A similar argument for CDT goes for return-on-the-action seekers. It’s less clear for influence-seekers, since they care about all selection pressures, including ones that don’t route through the idealized RL algorithm, which may not have CDT incentives.
This isn’t to say that their decision theory will always be CDT[1]. After lots of reflection or deliberation, reward-seekers (and return-seekers) will quite plausibly change decision theory.
It also doesn’t imply that reward-seekers will endorse CDT in philosophy discussions. E.g., it might expect to get rewarded for endorsing EDT.
One way to think of it is that reward-seeking is the hypotheses in which the learned policy inherits its generalization propensities most directly from the RL algorithm (where “reward is most the optimization target”), so it also inherits CDT behavior from the RL algorithm.
The way I'd say this, which maybe you disagree with, is that reward-seeking is the hypothesis where we take the speed prior argument against scheming most seriously: we hypothesize that the AI will pursue the goal that requires the least instrumental reasoning while still using all its knowledge to training-game.
I think I disagree with this a bit. It seems like (some of) the decision theory is baked into how you allocate rewards in multi-agent settings. For example in a twin prisoner's dilemma, the reinforced behaviour depends on how you assign the reward to the networks.
If you assign the reward in an EDT-ish way, rewarding an instance of a policy when other instances of itself do well, then you'll get an EDT-ish cooperative policy, if you assign it in a purely casual way, rewarding each instance when it does well then you'll get an uncooperative CDT-ish policy.

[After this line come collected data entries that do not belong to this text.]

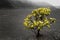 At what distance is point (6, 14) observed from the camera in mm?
5133

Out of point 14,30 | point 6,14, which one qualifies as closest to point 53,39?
point 14,30

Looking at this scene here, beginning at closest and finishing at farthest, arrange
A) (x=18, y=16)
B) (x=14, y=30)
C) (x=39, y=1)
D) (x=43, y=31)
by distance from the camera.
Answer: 1. (x=43, y=31)
2. (x=14, y=30)
3. (x=18, y=16)
4. (x=39, y=1)

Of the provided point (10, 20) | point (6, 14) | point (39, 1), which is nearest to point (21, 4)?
point (39, 1)

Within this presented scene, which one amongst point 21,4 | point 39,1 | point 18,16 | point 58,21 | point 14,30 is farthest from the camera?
point 39,1

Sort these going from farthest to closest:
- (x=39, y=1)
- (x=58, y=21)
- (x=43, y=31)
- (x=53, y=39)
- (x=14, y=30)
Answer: (x=39, y=1) → (x=58, y=21) → (x=14, y=30) → (x=43, y=31) → (x=53, y=39)

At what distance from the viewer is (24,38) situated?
11.3ft

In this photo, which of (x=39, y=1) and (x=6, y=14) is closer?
(x=6, y=14)

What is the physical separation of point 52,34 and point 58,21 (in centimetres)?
111

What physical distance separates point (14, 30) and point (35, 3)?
2937 mm

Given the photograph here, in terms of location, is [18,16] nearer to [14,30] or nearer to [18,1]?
[14,30]

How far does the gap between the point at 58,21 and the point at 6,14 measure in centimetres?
134

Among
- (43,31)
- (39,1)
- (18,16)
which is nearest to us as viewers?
(43,31)

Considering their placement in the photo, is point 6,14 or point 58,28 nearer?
point 58,28

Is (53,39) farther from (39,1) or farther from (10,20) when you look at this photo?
(39,1) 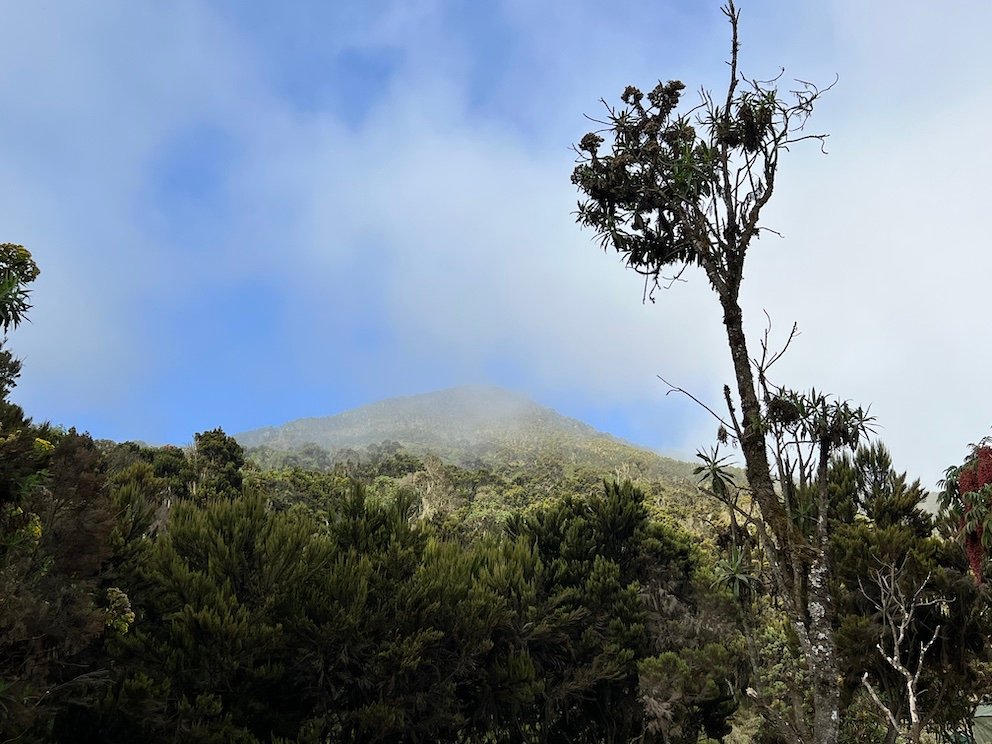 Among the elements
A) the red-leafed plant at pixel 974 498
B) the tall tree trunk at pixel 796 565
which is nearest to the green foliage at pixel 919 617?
the red-leafed plant at pixel 974 498

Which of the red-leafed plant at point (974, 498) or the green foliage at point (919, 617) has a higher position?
the red-leafed plant at point (974, 498)

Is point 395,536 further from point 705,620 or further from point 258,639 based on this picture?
point 705,620

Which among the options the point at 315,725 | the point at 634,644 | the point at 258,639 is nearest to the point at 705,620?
the point at 634,644

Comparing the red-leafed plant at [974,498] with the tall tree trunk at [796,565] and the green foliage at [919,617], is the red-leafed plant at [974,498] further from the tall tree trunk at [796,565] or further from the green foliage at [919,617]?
the green foliage at [919,617]

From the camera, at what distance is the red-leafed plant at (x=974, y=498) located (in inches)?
319

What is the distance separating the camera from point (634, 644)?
15.1 metres

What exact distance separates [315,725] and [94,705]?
3.35 meters

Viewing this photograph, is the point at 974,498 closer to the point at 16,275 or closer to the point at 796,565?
the point at 796,565

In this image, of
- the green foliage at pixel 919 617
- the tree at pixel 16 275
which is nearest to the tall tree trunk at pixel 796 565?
the green foliage at pixel 919 617

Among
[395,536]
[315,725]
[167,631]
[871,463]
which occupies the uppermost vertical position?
[871,463]

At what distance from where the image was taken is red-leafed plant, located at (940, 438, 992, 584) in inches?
319

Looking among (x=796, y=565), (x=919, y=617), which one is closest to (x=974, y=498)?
(x=796, y=565)

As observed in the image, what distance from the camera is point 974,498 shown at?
324 inches

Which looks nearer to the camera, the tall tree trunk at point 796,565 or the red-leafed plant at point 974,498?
the tall tree trunk at point 796,565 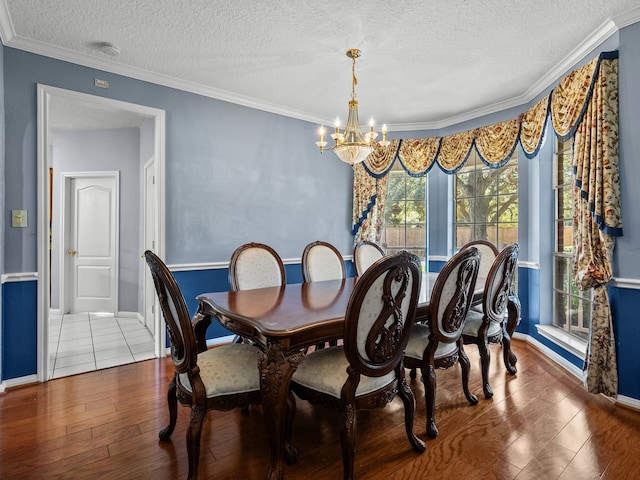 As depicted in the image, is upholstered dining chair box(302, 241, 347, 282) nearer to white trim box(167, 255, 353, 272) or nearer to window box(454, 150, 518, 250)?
white trim box(167, 255, 353, 272)

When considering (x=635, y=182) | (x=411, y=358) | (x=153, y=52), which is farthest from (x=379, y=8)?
(x=411, y=358)

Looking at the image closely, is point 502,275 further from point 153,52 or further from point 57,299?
point 57,299

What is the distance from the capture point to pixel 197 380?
168cm

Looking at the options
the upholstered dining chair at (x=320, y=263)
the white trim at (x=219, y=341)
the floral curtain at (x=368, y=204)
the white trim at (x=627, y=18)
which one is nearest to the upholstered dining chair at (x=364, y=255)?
the upholstered dining chair at (x=320, y=263)

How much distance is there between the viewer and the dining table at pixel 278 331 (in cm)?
162

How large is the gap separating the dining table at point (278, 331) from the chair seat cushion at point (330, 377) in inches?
5.2

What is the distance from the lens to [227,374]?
5.76 ft

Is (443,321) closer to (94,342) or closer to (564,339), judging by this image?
(564,339)

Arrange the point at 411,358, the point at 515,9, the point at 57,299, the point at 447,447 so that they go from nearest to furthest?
the point at 447,447 < the point at 411,358 < the point at 515,9 < the point at 57,299

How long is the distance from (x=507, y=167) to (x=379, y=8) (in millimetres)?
2624

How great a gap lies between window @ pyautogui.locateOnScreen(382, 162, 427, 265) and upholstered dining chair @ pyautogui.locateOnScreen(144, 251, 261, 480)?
3.48 meters

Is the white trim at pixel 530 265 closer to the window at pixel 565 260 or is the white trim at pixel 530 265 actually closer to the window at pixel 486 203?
the window at pixel 565 260

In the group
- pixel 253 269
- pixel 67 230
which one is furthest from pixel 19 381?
pixel 67 230

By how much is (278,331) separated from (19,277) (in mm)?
2385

Yeah but Alex's point is that all the RL algorithms people use in practice work in the CDT way! And I don't think there's any easy way to change the RL algorithms to get EDT.
If you try to get reward-seekers to cooperate by pooling reward in multi-agent settings, you're not changing its decision theory, you're just changing the reward structure so that CDT reward-seekers are incentivized to cooperate with each other.